Content starts

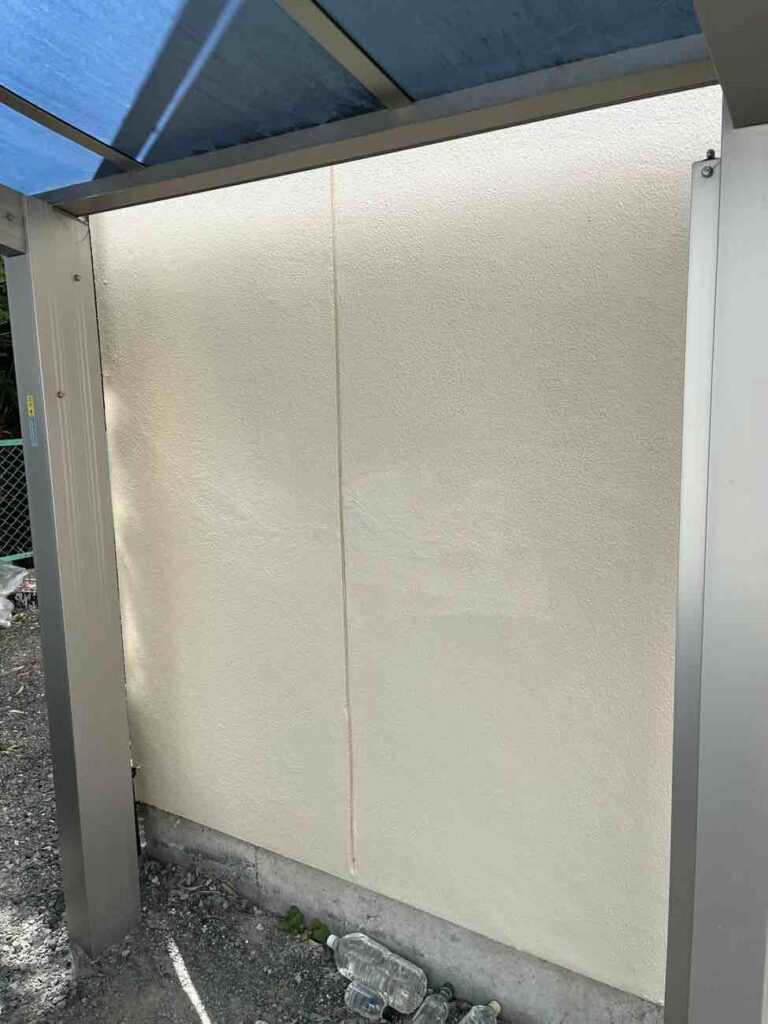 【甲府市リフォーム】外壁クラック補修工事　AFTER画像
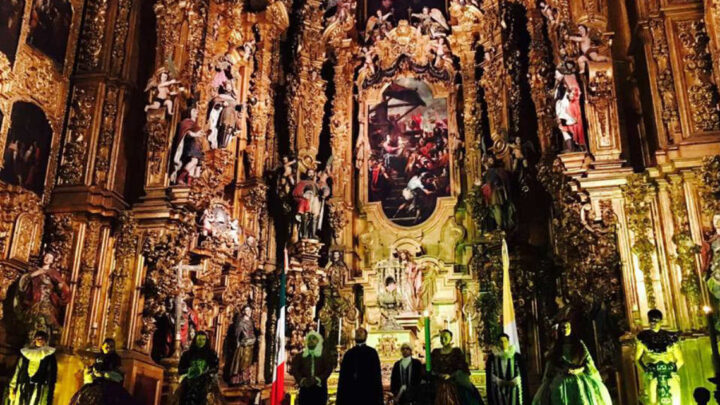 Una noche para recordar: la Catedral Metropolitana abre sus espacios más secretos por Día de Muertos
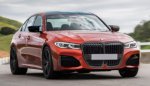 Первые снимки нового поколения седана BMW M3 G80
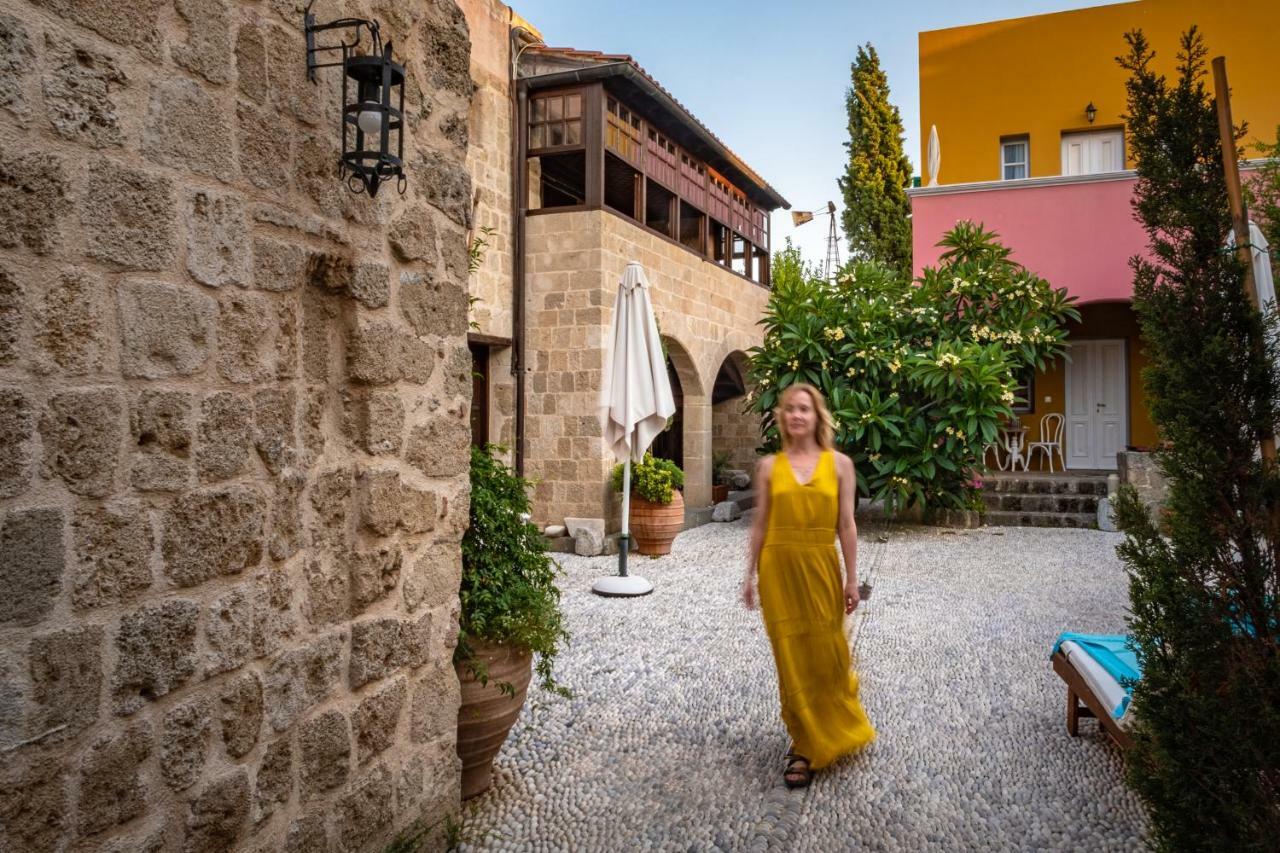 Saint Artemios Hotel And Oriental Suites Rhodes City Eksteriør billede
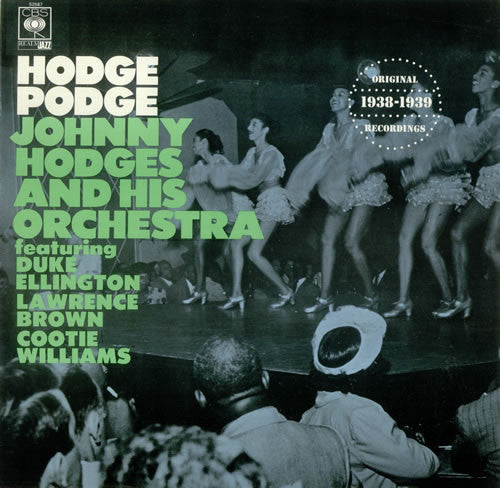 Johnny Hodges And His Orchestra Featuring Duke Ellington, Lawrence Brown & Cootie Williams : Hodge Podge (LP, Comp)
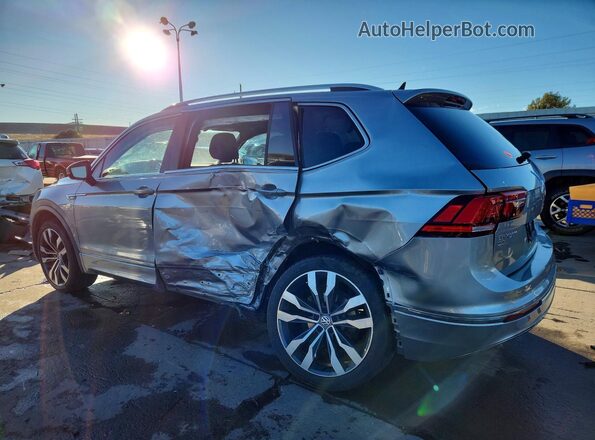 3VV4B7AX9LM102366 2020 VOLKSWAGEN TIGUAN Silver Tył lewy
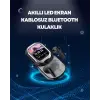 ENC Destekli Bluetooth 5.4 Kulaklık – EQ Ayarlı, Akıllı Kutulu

Content ends

Skip the pictures and output all entries exactly.

* _Answer to this exercise_:
 【甲府市リフォーム】外壁クラック補修工事　AFTER画像
 Una noche para recordar: la Catedral Metropolitana abre sus espacios más secretos por Día de Muertos
 Первые снимки нового поколения седана BMW M3 G80
 Saint Artemios Hotel And Oriental Suites Rhodes City Eksteriør billede
 Johnny Hodges And His Orchestra Featuring Duke Ellington, Lawrence Brown & Cootie Williams : Hodge Podge (LP, Comp)
 3VV4B7AX9LM102366 2020 VOLKSWAGEN TIGUAN Silver Tył lewy
 ENC Destekli Bluetooth 5.4 Kulaklık – EQ Ayarlı, Akıllı Kutulu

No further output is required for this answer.